If the 1st Circuit Court of Appeals agrees with Tauro's decision, it will go into effect for the seventeen plaintiffs named in Gill. Unfortunately, the ruling applies only to those plaintiffs.
"[W]e think the stay actually provides for married couples around the country who are looking at their own situations and wondering whether the Gill decision allows them to apply for Social Security benefits, for example, or sponsor their spouse for citizenship," Bonauto said. "The answer, even without a stay in Gill, is: no, not yet."
Buseck said that other gay and lesbian couples who are interested in obtaining Social Security and other spousal benefits named in the challenge will have to wait, or file separately. "As far as the Gill case is concerned, everybody else really still has to wait. If the government takes an appeal, then really the fact is that nobody's getting anything yet," he said. "It's probably something that every individual has to consider on every issue and they may want to talk to tax advisers, they may want to talk to their immigration lawyers; everybody potentially has to decide whether they want to file for some benefit or ask to be treated as married for some purpose, so at this point we would anticipate that everybody would be still told no."
The amended judgment released on Aug. 18 includes the specificities surrounding Tauro's ruling in favor of GLAD and the seventeen plaintiffs. "If we lose on appeal, that judgment will be vacated," Buseck said, and the Office of Personnel Management, among other defendants, will not have to change their practices or reimburse the plaintiffs. "But if we win, and without any change in the judgment -- which I don't see there would be any reason -- then once again we have a judgment that's been affirmed by the 1st Circuit Court of Appeals."
If the Court of Appeals affirms Tauro's judgment, the government has the opportunity to ask the Supreme Court to review the ruling. "[W]hen we started this case, we thought this was a case that would not stop at the federal district court level, that it would go on to the United States Court of Appeals, we would get a ruling there, and we understood that if we got a ruling there in our favor, that it became the kind of case that the United States Supreme Court may well decide that it would hear," Buseck said. "Our belief [is] that we have a strong case that we can win in the United States Supreme Court."

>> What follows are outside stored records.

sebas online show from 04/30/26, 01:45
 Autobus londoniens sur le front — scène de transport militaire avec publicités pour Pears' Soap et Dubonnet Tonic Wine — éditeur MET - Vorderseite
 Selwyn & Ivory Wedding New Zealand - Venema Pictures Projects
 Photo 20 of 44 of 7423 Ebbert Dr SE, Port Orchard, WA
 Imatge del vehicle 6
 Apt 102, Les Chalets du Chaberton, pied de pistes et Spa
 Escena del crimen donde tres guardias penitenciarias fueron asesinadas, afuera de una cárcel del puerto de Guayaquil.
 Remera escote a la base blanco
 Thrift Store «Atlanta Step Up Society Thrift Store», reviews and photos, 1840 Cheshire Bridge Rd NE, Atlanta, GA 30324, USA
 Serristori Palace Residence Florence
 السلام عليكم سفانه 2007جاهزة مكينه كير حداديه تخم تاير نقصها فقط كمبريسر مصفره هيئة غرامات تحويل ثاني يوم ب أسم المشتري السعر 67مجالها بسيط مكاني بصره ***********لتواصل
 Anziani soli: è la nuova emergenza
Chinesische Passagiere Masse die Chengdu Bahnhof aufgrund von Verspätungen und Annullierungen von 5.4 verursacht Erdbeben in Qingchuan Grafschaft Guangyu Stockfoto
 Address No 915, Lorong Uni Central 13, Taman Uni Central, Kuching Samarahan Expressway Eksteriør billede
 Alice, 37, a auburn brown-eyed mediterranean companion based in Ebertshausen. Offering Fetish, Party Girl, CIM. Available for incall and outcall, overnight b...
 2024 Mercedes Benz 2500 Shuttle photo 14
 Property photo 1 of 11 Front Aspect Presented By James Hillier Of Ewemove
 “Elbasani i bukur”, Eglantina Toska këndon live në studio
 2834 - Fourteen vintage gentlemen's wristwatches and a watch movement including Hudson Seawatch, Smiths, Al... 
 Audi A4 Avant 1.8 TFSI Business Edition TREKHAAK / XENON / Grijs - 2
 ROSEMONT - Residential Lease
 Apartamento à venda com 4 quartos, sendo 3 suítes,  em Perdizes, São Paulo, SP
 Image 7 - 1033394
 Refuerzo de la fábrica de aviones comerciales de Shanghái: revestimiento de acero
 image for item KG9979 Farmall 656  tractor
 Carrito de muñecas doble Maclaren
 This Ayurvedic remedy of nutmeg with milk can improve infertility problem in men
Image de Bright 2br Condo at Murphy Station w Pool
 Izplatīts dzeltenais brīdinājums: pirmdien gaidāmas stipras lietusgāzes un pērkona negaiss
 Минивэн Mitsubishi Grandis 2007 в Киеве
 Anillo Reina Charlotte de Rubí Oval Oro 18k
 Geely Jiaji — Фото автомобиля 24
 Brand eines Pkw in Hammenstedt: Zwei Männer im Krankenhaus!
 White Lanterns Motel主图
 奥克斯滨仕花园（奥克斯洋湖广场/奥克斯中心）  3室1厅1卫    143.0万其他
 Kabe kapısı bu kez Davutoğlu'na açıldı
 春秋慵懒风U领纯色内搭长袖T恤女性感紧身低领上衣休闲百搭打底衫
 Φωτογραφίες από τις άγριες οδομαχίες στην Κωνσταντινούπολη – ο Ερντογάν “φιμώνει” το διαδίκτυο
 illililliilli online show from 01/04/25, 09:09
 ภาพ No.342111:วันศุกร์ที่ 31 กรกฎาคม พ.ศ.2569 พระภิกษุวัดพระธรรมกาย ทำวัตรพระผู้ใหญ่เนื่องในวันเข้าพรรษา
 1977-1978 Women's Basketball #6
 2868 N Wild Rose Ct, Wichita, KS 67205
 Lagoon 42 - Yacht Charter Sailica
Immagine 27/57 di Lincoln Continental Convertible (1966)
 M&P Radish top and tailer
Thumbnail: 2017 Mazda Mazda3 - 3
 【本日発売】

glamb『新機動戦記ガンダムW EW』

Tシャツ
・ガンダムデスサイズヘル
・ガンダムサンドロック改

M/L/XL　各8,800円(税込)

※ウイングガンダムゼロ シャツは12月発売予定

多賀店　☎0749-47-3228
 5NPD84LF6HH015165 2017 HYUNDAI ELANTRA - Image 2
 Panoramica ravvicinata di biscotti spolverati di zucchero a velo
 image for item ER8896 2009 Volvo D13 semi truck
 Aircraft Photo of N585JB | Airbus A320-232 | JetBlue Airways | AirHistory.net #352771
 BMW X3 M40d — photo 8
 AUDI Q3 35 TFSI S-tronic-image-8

A victory in the Supreme Court wouldn't immediately render Section 3 of the Defense of Marriage Act entirely moot; it would strip aspects of its legality for the seventeen plaintiffs named in Gill and, Buseck thinks, ultimately be stricken. "The question would be, what justification would there be for its application in any of the other myriad ways DOMA Section 3 impacts federal law in relation to legally married same-sex couples?" he asked. "We would think that the ultimate effect, not legally the result of a victory per se, but the victory itself plus what it would mean and what its logical consequence would be that DOMA Section 3 should end up being ineffective completely."
The Department of Justice must decide whether or not to file an appeal by Oct. 17 of this year.